Results: Results revealed that heavy alcohol consumption was a robust predictor of both Stage I (OR = 1.481, 95% CI: 1.250–1.756) and Stage II hypertension (OR = 1.399, 95% CI: 1.126–1.737), even after adjustment for confounders. Smoking showed weaker associations, with current smokers exhibiting elevated odds of Stage I hypertension in unadjusted models (OR = 1.382, 95% CI: 1.121–1.704), which diminished after adjustment. The combined effects of heavy drinking and current smoking suggested a potential amplification of hypertension risk, though this interaction was not statistically significant. Notably, heavy drinkers and current smokers exhibited a higher prevalence of Stage II hypertension, emphasizing the compounded risk of these behaviors.

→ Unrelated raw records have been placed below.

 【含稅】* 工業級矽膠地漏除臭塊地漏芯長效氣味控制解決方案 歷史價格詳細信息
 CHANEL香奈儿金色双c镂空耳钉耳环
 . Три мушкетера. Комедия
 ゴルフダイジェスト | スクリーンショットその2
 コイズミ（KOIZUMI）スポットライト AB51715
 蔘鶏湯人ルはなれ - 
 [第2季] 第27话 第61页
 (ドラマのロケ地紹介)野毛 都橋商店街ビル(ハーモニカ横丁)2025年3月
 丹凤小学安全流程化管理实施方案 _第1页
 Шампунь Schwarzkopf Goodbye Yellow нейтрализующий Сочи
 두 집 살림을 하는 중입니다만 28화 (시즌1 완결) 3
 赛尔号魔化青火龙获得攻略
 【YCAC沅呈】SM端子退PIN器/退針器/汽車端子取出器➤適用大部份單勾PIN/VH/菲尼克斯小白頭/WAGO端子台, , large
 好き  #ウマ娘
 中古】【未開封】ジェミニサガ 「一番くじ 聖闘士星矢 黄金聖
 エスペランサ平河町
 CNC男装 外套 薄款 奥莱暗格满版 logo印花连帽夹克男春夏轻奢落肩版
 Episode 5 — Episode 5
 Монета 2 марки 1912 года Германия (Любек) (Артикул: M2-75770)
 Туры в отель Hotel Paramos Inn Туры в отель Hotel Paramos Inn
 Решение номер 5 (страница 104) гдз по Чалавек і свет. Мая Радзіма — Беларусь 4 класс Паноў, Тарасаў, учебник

Conclusion: These findings underscore the critical role of heavy alcohol consumption in hypertension management and highlight the need for targeted interventions to reduce alcohol intake and promote smoking cessation. Clinicians should adopt a holistic approach to address multiple high-risk behaviors in hypertensive patients, as these behaviors may interact to exacerbate cardiovascular risk. Future research should explore longitudinal and mechanistic insights to better understand the interplay between smoking, alcohol use, and hypertension, particularly through biomarkers of inflammation and oxidative stress. Such insights are essential for developing tailored public health strategies and clinical guidelines to improve cardiovascular outcomes and enhance hypertension management in at-risk populations.